A tale proposito: Siciliano è stato sì un uomo di sinistra, ma di una sinistra razionalissima e illuminata, ferma nei propositi e nei principii, ma sempre disposta al dialogo con chiunque purché ad armi pari e con lealtà di espressione, dialogo che, in quanto tale, può anche giungere al forte contrasto dialettico ma privo di volgarità e di retorica. Siciliano è stato un ottimo scopritore di talenti: sono sue le scelte di Dario Bellezza, Edoardo Albinati e poi di Lorenzo Pavolini e Mario Desiati per i vari incarichi della redazione di Nuovi Argomenti.
L’onestà intellettuale di Siciliano apparve chiara ai miei occhi in occasione della presentazione di una sua Storia della Letteratura Italiana in tre volumi (Mondadori) fatta da Alberto Asor Rosa e Cesare Garboli; Garboli con la acribia, ma anche con il tono di superiorità dell’interloquire che gli era proprio, incalzò Siciliano con alcune obiezioni opinabili, mentre Asor Rosa difese con energia l’opera del suo antico compagno d’università. Subito dopo la presentazione mi avvicinai a Enzo, manifestandogli la mia solidarietà che del resto avevo già espresso pubblicamente con una recensione dell’opera, che aveva il pregio, oltre che della ricchezza dell’informazione, anche dell’originalità e dell’estrema leggibilità; Enzo mi guardò: «Grazie - disse - ma Garboli ha fatto bene a esprimere con chiarezza le sue riserve».

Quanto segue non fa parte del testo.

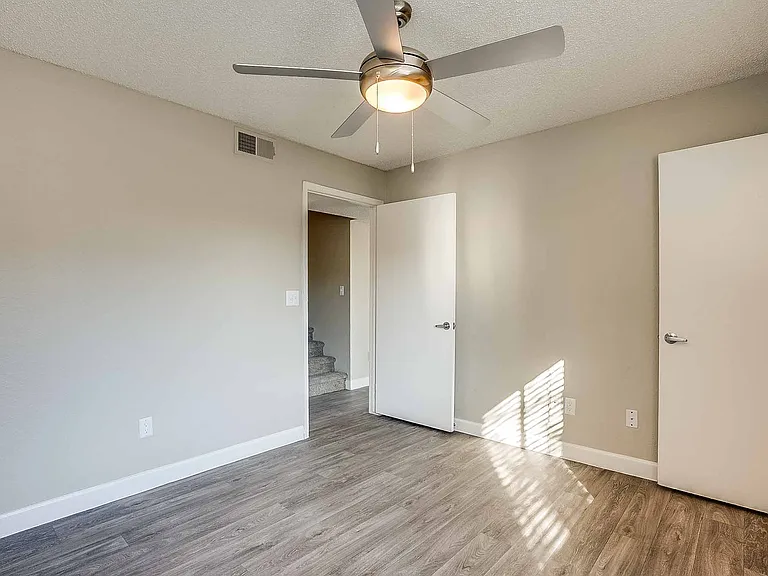 Sterling Point Apartment Homes — Photo 57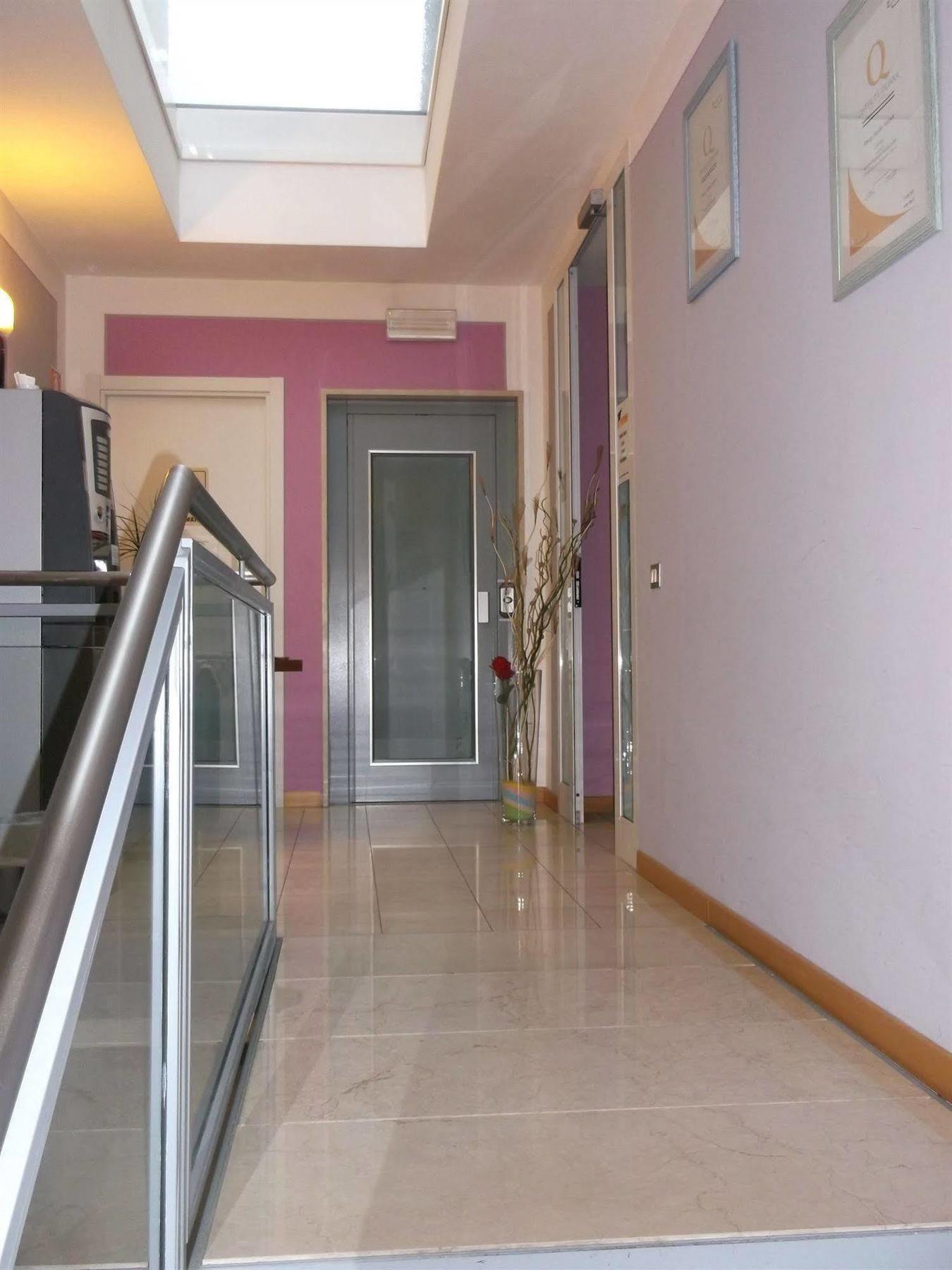 Albergo Meuble Abatjour 만토바 외부 사진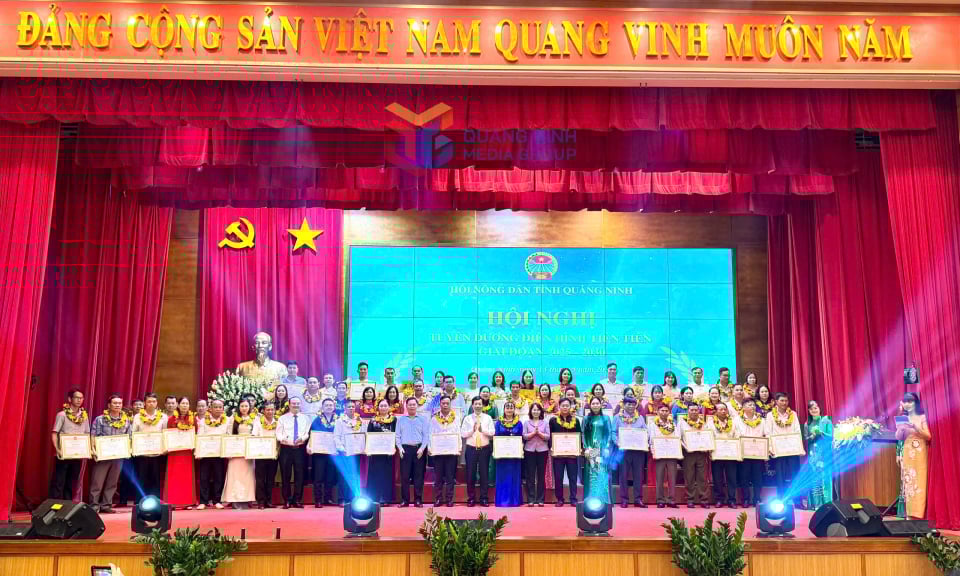 គណៈប្រតិភូបានអបអរសាទរសមូហភាព និងបុគ្គលកម្រិតខ្ពស់ធម្មតានៅក្នុងចលនាត្រាប់តាមសមាគមកសិករខេត្តសម្រាប់ឆ្នាំ ២០២០-២០២៥។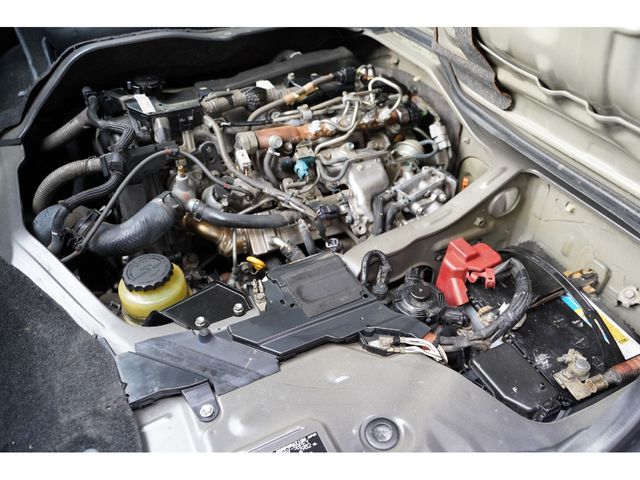 TOYOTA HIACE VAN 4WD 2015 Image 31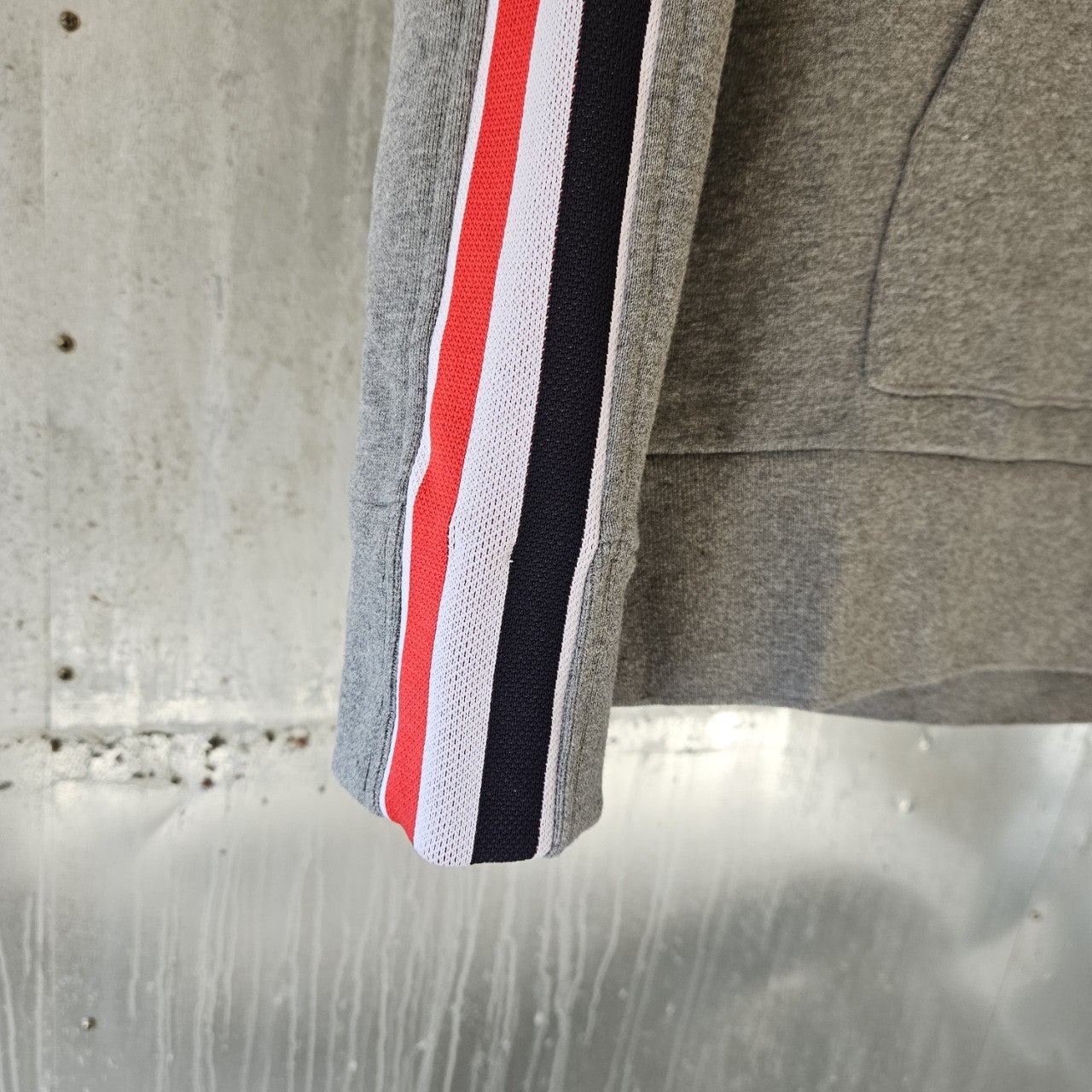 f_198Ud018svcaybu6vofuyam_48xg9.jpg f_198Ud018svcaybu6vofuyam_48xg9.jpg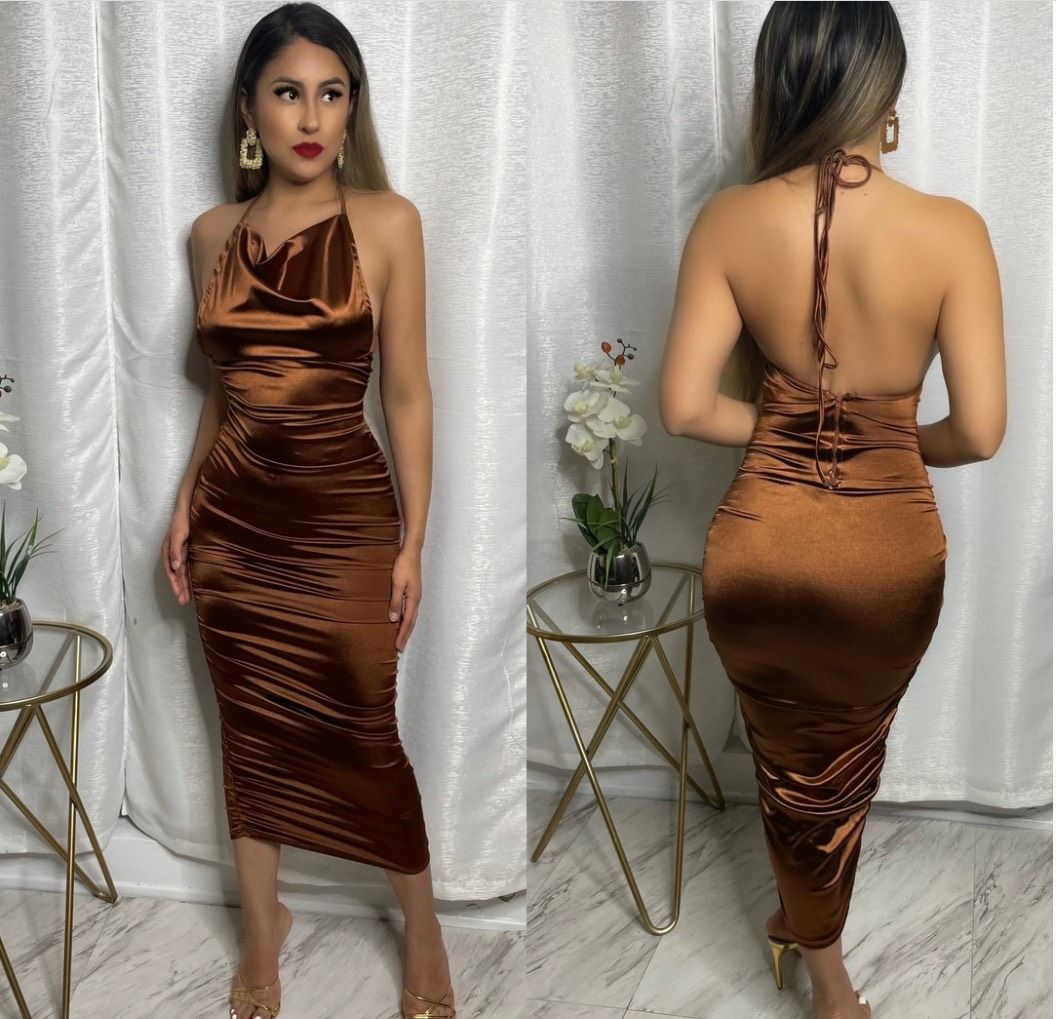 Size 6 Satin Nude Cocktail Dress on Queenly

Il mondo letterario di cui Siciliano è stato un esponente di spicco, ha come suo vizio immodificabile la spietatezza reciproca, e Siciliano è stato da sempre perseguitato dall’accusa di dovere la sua fortuna letteraria alla protezione di Alberto Moravia: è fuori di ogni dubbio che la vicinanza e l’amicizia di Moravia per il giovane Siciliano, come sempre accade in ogni rapporto fra intellettuali di diverse generazioni, abbia influito beneficamente sulla sua formazione, ma poi egli ha continuato a volare con le proprie ali; il fatto poi che Siciliano abbia continuato a essere crucciato da questa sorta di persecuzione nei suoi confronti è un’altra dimostrazione della sua vulnerabilità di uomo e intellettuale che pratica una vita e una cultura, per dirla con Saba, completamente onesta.